Sobolev functions counterexample

Question

Let $A=(0,1)^{d}$.Does anyone have a simple example of a funtion in $H_0^1(A)\cap H^2(A)$ that is not in $H^2_0(A)$?

Thanks a lot.

Answer 1

As PhoemueX already said, you need a function, which has zero boundary values, but the derivative is non-zero at the boundary.

In particular, you can take $$ u(x) = \prod_{i=1}^d x_i \, (1-x_i). $$ Then, it is easy to see that $u(x) = 0$ for $x \in \partial[(0,1)^d]$, but $\nabla u(x) \ne 0$ for $x \in \partial[(0,1)^d]$. Since $u$ is smooth on $[0,1]^d$, it belongs to $H^2 \cap H_0^1$, but not to $H_0^2$.

Edit: Let me briefly describe that the above properties imply that $u$ does not belong to $H_0^2((0,1)^d)$, albeit $\Omega := (0,1)^d$ has only a Lipschitz boundary.

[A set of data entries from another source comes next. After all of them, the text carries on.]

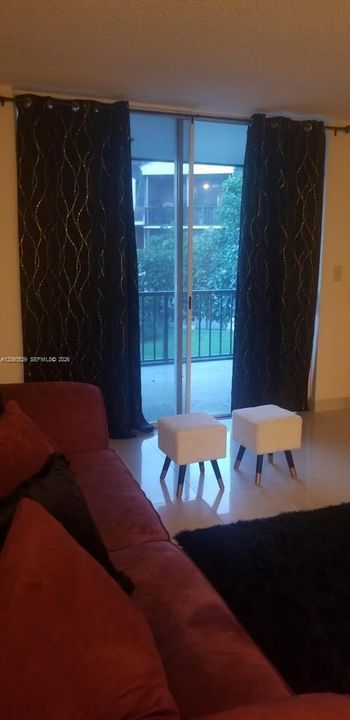 For Rent: $1,500 (1 beds, 1 baths, 800 Square Feet)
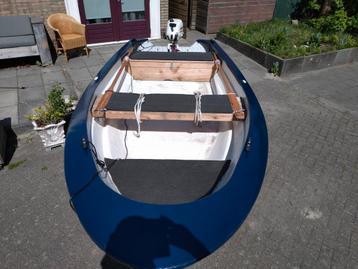Placom visboot, trailer, afdekzeil en eventueel motor 4 pk. beschikbaar voor biedingen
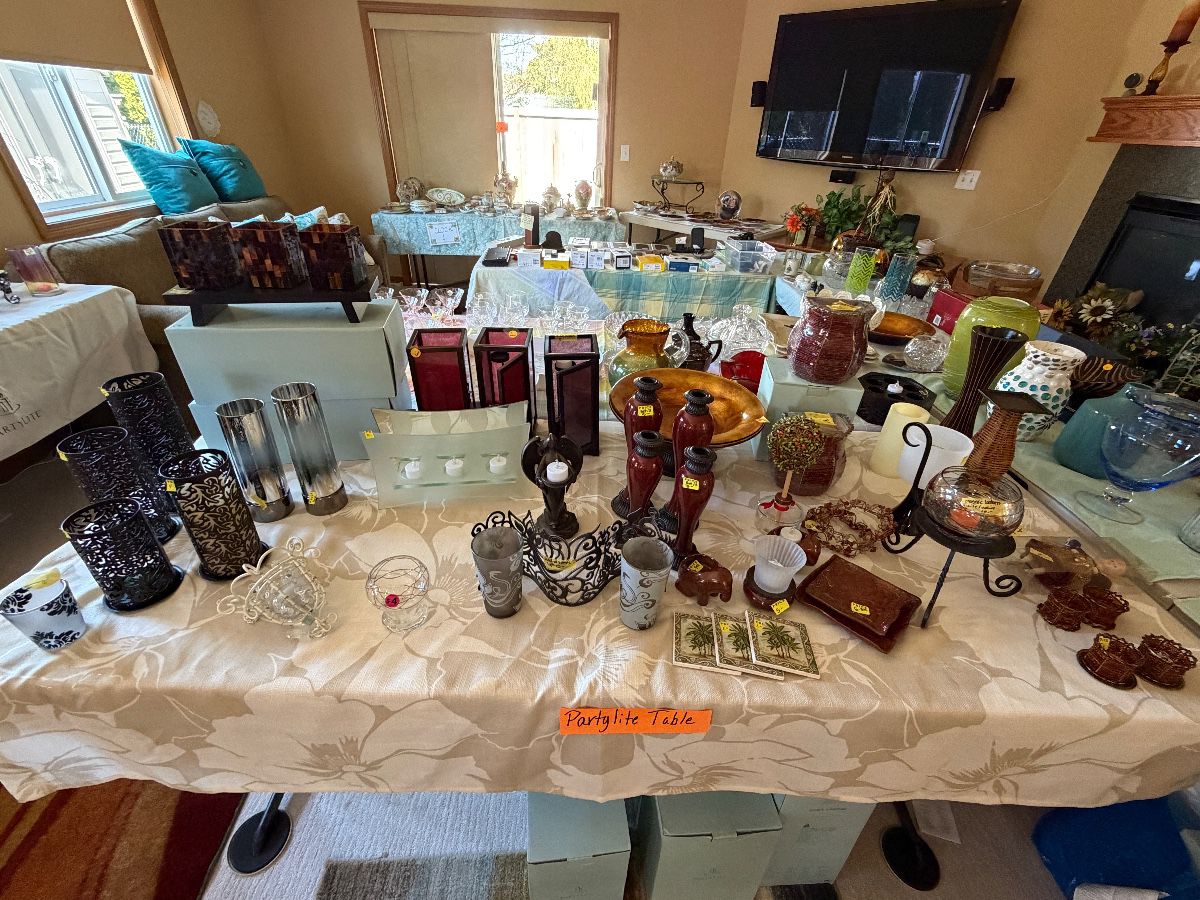 partylite! 2 tables of new or like new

To the contrary, assume that $u \in H_0^2(\Omega)$. By definition, there exists a sequence $u_n \in C_c^\infty(\Omega)$, such that $u_n \to u$ in $H^2(\Omega)$. The trace operator $T$ maps $H^1(\Omega)$ continuously into $L^2(\partial\Omega)$. Hence, $0 = T(\nabla u_n) \to T(\nabla u)$ in $L^2(\partial\Omega)$. This is a contradiction to $\nabla u \ne 0$ on $\partial\Omega$.